WASHINGTON – Social Security recipients in Western New York suddenly have good contacts in high places.

Both Rep. Brian Higgins, a Buffalo Democrat, and Rep. Tom Reed, a Corning Republican, will serve on the House Social Security Subcommittee in the new Congress and Reed will be the leader of the panel’s Republican minority. The two lawmakers announced their new positions on Thursday.

Both lawmakers serve on the House Ways and Means Committee, which oversees Social Security. And their new roles on the Ways and Means Social Security Subcommittee will mean a growing legislative role for both.

On that panel, Higgins plans to consider a more generous way to measure inflation so that seniors would get bigger annual raises.

“Social Security recipients will spend that money,” Higgins said. “Any increase will find its way back into the economy.”

House Democrats, who took control of the chamber in last November’s election, have expressed interest in indexing Social Security to the federal government’s Consumer Price Index for the Elderly, which more accurately mirrors the actual costs seniors pay for health care, housing and other items. Their annual Social Security increase currently depends on the Consumer Price Index for Urban Wage Earners and Clerical Workers, a more general measure.

Meanwhile, some Republicans have favored moving to a “chained” Consumer Price Index which would mean lower raises, as it takes into account the fact that sometimes shoppers choose lower-cost replacement products when what they had been using gets more expensive.

Asked if Reed favors the chained Consumer Price Index concept, Reed spokesman Will Reinert said he wants to “keep all ideas on the table” as the panel tries to find ways to ensure Social Security’s long-term fiscal health.

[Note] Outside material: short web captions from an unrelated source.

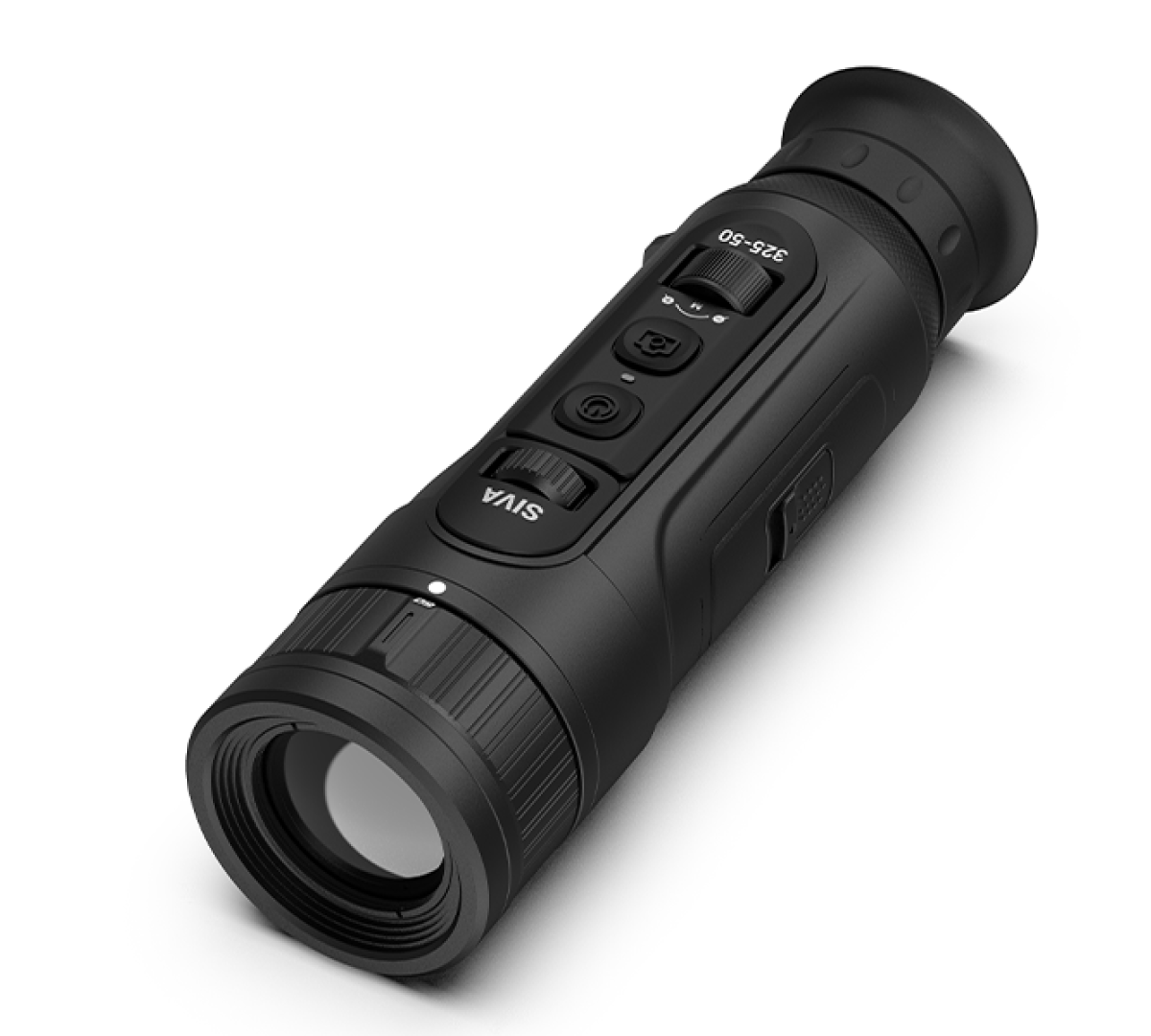 Тепловизионный монокуляр Lzirtek Siva 325-50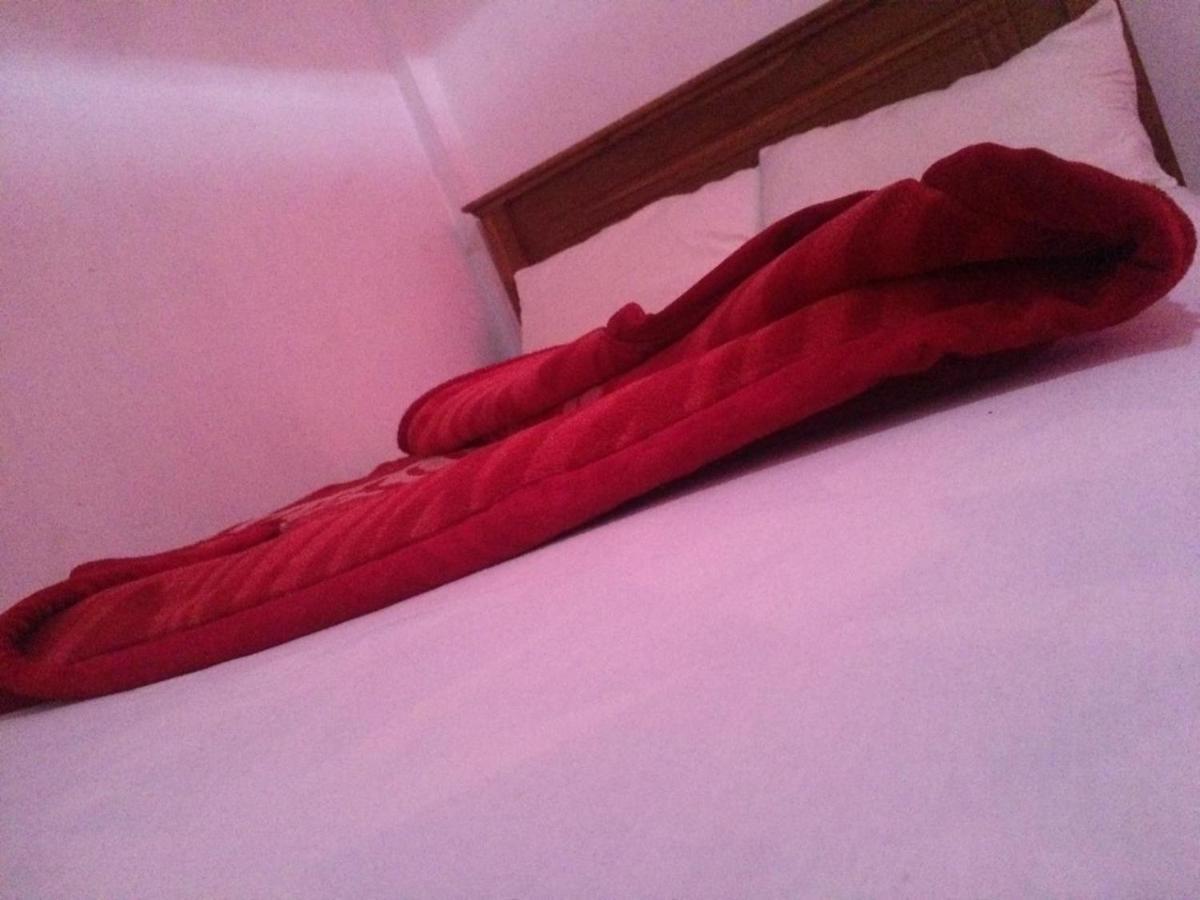 Hotel Max Mount View Nuwara Eliya Esterno foto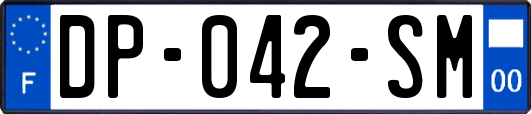 DP-042-SM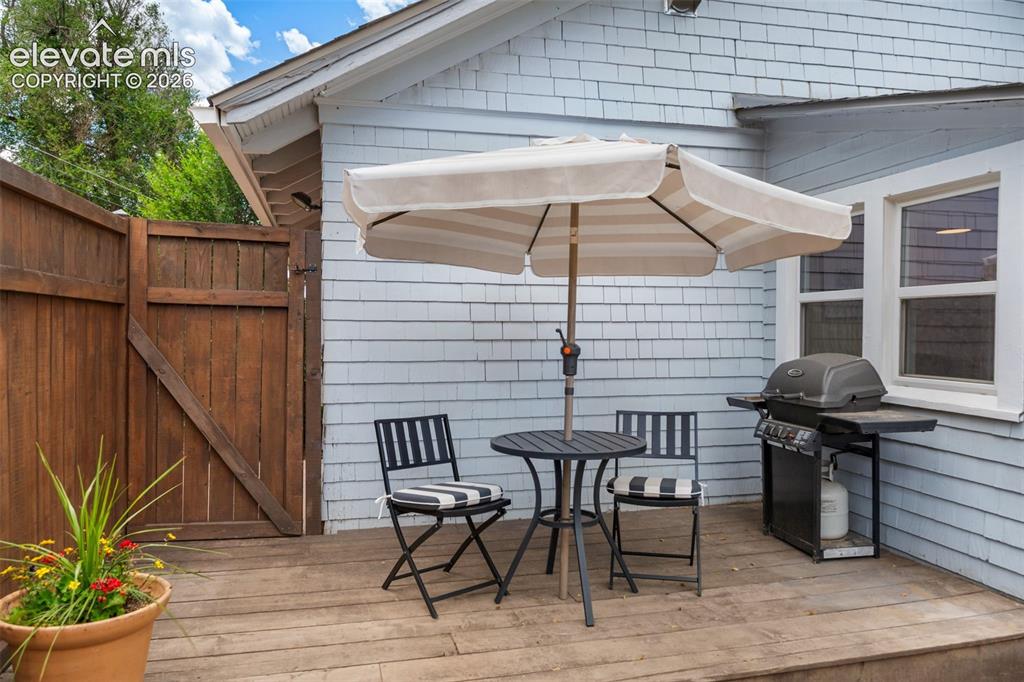 1116 Palmer Park Boulevard Colorado Springs CO 80903
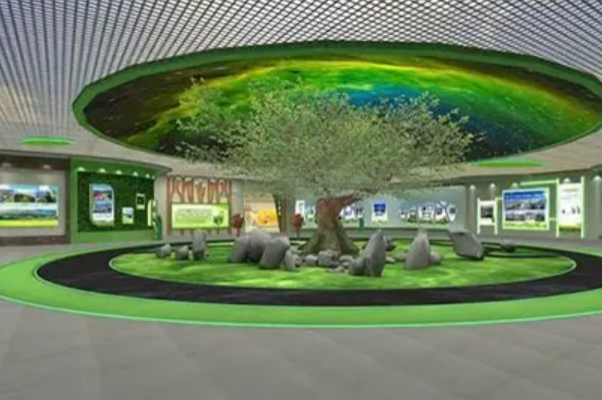 東田國產(chǎn)化助力博物館.png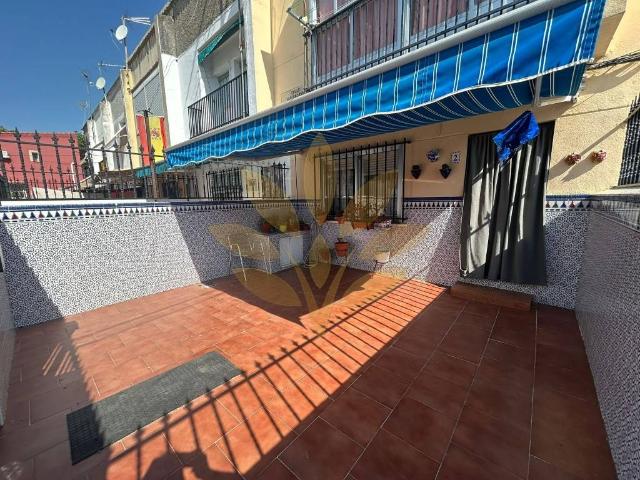 Casa chalet en Venta en Nuevo Cáceres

Reed said stabilizing Social Security’s finances will be among his top priorities. With the Baby Boom generation aging, Social Security is on target to run out of reserves in 2034, meaning a restructuring of benefits or increased payroll taxes will likely be necessary before then.

While Reed promised to work on a bipartisan basis for a long-term Social Security fix, he also said he plans to focus on short-term goals aimed at helping today’s beneficiaries.

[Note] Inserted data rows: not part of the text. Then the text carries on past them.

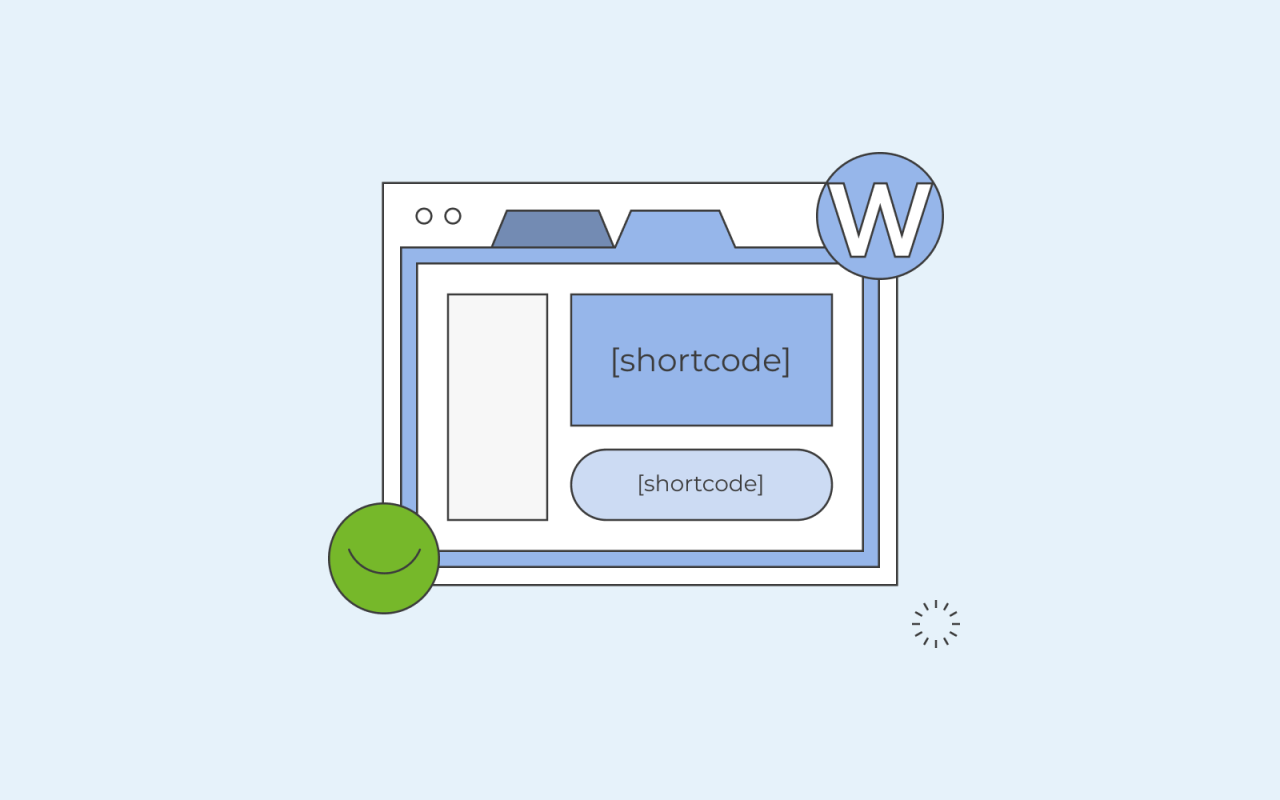 Shortcode Plugin 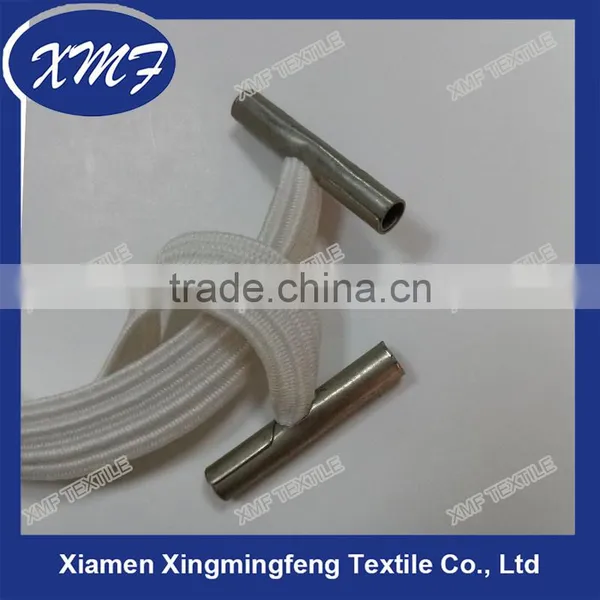 Flat Elastic Lazy Shoelace/lazy Shoe Laces photo-6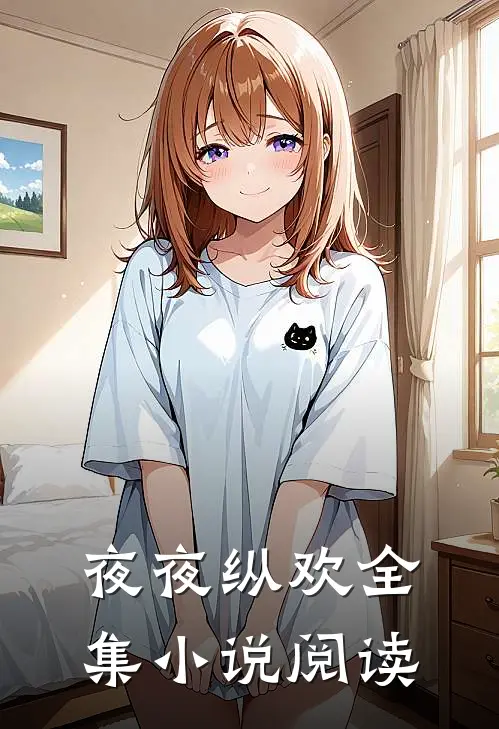 夜夜纵欢全集小说阅读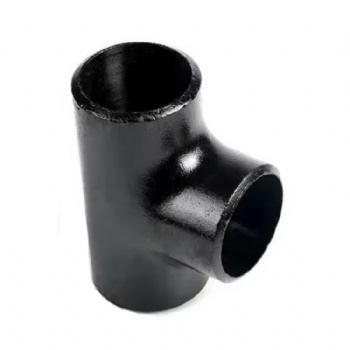 Piping And Plumbing Fitting Structural Pipe Fittings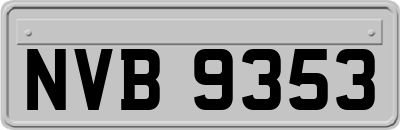 NVB9353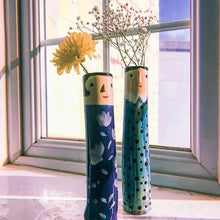 Afbeelding in Gallery-weergave laden, Lente Familie Bud Vazen
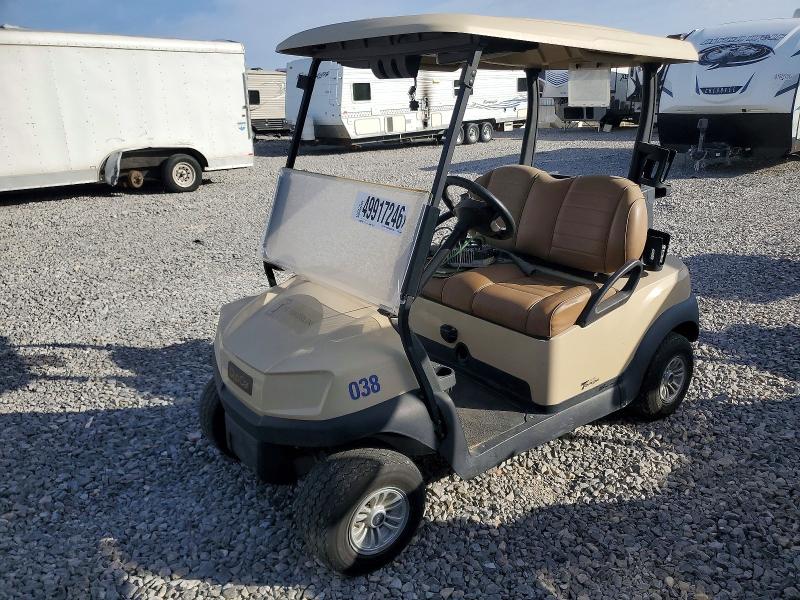 2020 Club Car Tempo Li მანქანა იყიდება აუქციონზე, vin: AN2038109401, აუქციონის ნომერი: 49917246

“How can we deliver benefits more effectively?” he asked. “How can we administer the Social Security Administration in a 21st Century manner, utilizing technology resources, the power of computing, making sure that we have a Social Security Administration that is responding to beneficiaries in a real-time and most efficient and effective way?”

Higgins will continue to serve on the Ways and Means subcommittees on Health and Trade.

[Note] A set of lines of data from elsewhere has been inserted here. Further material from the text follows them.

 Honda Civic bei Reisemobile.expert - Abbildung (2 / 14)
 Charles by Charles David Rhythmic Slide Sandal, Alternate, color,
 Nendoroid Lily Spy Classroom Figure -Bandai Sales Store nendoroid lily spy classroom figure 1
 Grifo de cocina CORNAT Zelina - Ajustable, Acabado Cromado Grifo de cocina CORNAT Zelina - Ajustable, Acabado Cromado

House Speaker Nancy Pelosi asked Higgins to continue serving on the House Budget Committee as well, giving him an unusually heavy committee workload — and perhaps signaling there are no hard feelings between the two even though Higgins originally opposed Pelosi’s bid to return to the speakership before changing his mind.

In addition, Higgins will continue to serve as an assistant whip – in other words, a vote-counter – for House Democrats. He served the largely ceremonial role of vice ranking member of the Ways and Means Committee in the last caucus, but that post rotates among members, so he will not serve in it in the new Congress.

Reed will also continue to serve on the Ways and Means subcommittees on Health and Human Resources.

Rep. Chris Collins, a Clarence Republican, will serve on no committees in the current House as he awaits his February 2020 trial on felony fraud and conspiracy charges in connection with an alleged insider stock trading scheme. Collins denies the charges and vows to fight them in court.

Collins’ spokeswoman, Jennifer Brown, said he is disappointed that he is not on any committees, but stressed that he still serves on more than three dozen House caucuses, which are more informal groups that focus on particular subjects.

Stressing that committee work is less important for members of the minority, Brown added: “The Congressman is meeting regularly with constituents, traveling the district and meeting with many organizations that have business before Congress. He is also working with his team to continue to aggressively work on issues his constituents face in their dealings with the federal government.”